Kenya Police Raid Al Shabbab Related Mosques, Arresting 251 Youth And Killing One

Police in Kenya carried out raids on two mosques in the country's main coastal city Mombasa in an operation that killed one person and resulted in 251 arrests, according to Reuters.

Those arrested were 251 youths who had been camping in Mussa and Sakina mosques and receiving militant training, Reuters reported.

Police said that one man was shot dead at the Mussa mosque when he tried to throw a grenade at officers, according to Reuters.

Kenyan troops have been sent to Somalia as a part of an African Union peacekeeping force, Reuters reported.

Al Shabaab was behind a bloody 2013 attack on Nairobi's Westgate shopping mall, and has vowed to drive the Kenyan and other African soldiers out, according to Reuters.

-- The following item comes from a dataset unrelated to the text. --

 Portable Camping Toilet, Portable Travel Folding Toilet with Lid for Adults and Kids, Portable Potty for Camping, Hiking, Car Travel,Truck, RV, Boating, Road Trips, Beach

Al-Shabab, which means "The Youth" in Arabic, says it is an ally of al-Qaeda and is believed to have between 7,000 and 9,000 fighters.

Police said the Monday raids netted eight grenades and a pistol, and authorities said more than 500 security personnel took part in the raids, Reuters reported.

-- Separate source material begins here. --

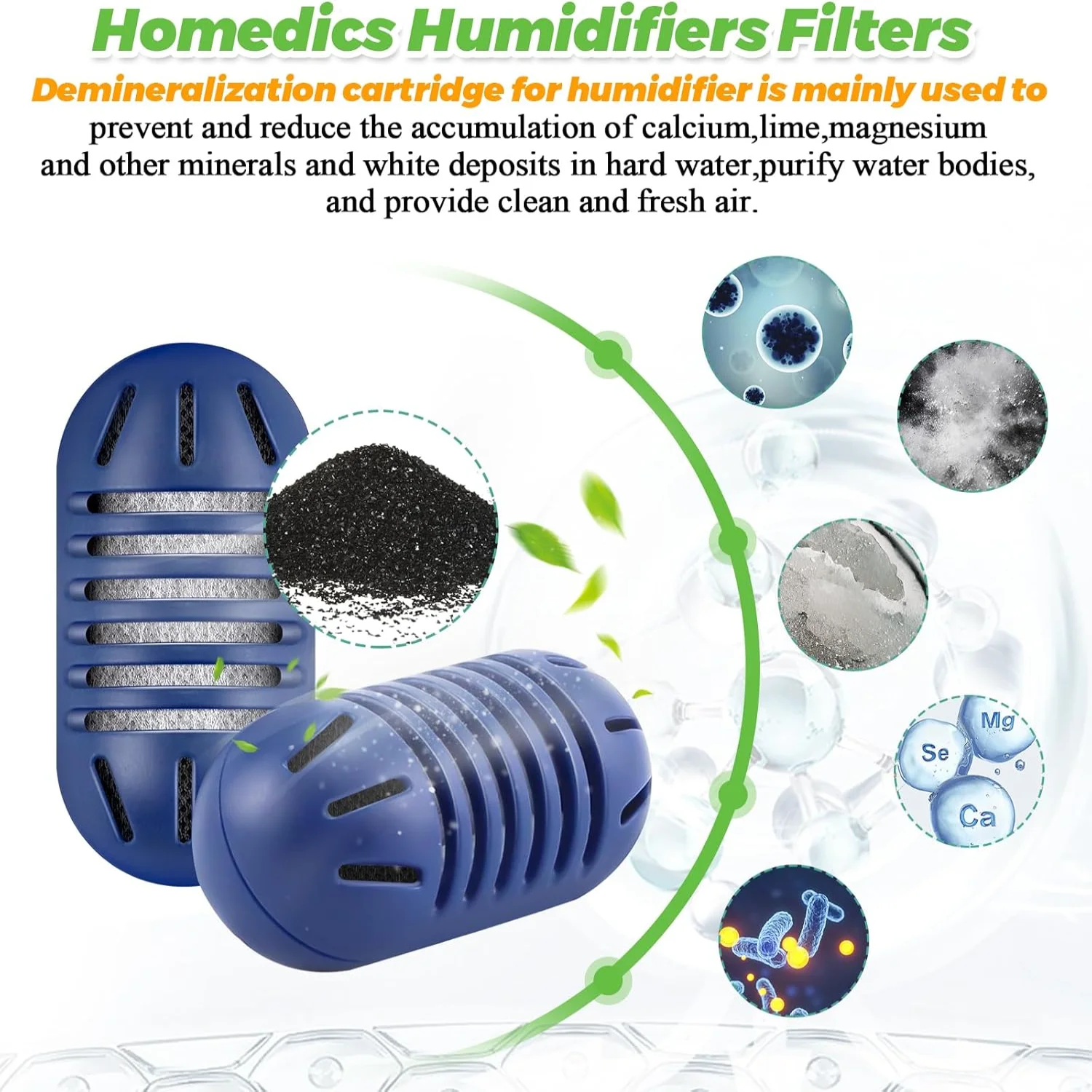 Paquete de 10 cartuchos de desmineralización aptos para humidificador ultrasónico filtro de cartucho de desmineralización UHE-HDC4-elimina la Mis blanca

The police said the person killed had tried to throw a grenade at them as they moved into the Masjid Musa mosque, a place of worship that officials say also harbors radical Muslims, according to Reuters.

"These mosques have been notorious for radicalising our youth and recruiting them into al Shabaab," Nelson Marwa, commissioner responsible for administering Mombasa County, told Reuters.

The police also accused the Kenyan Muslims of using the Masjid Musa and Shakinah mosques to store weapons, BBC News reported.

Mombasa police official Geoffrey Mayek called the raids a "breakthrough" for police intelligence, Reuters reported. Officials say that some Kenyan Muslims have links with the Somali terrorist group al-Shabab.

The mosque raids have been called unfair by Muslim civil rights groups, according to Reuters.

The advocated said the police who conducted the raids were targeting Muslims unfairly in a mainly Christian Kenya, Reuters reported.